Add subtarget feature check to avoid using ds_read/write_b96/128 with too low
alignment if a bug is present on that specific hardware.
Add this "feature" to GFX 10.1.1 as it is also affected.
Add global-isel test.
Details
Diff Detail
Event Timeline
Note that tests with flat instructions are not copied to GlobalISel/lds-misaligned-bug.ll. While we can put similar check in allowsMisalignedMemoryAccessesImpl for flat address space as well it will cause SDag to produce less optimal code. For some reason it will break down a load 16, align 8 into four flat_load_dword instead of two flat_load_dwordx2 instructions (but not similar stores). This patch should fix problems mentioned in D84403 while I look into this.
Can you add a comment to hasLDSMisalignedBug with what specifically is broken? Is b64 broken too?

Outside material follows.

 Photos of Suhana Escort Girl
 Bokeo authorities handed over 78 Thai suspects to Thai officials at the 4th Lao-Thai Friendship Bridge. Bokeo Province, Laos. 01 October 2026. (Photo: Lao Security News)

Is the updated description enough or do you prefer an explicit list of all instructions for hasLDSMisalignedBug? Something like:
// Hardware requires natural alignment for the following: // ds_read/write_b64/96/128 // flat_load/store_dwordx2/3/4
b64 is affected be we currently use ds_read2_b32/write2_b32 instructions. We could potentially relax restrictions for b64 the same way it was done for b96/128 to make it more consistent.
Looks good to me if Matt has no further comments. I'm not sure whether gfx10.1.1 has the bug but it's certainly safe to assume it does, unless/until we know otherwise.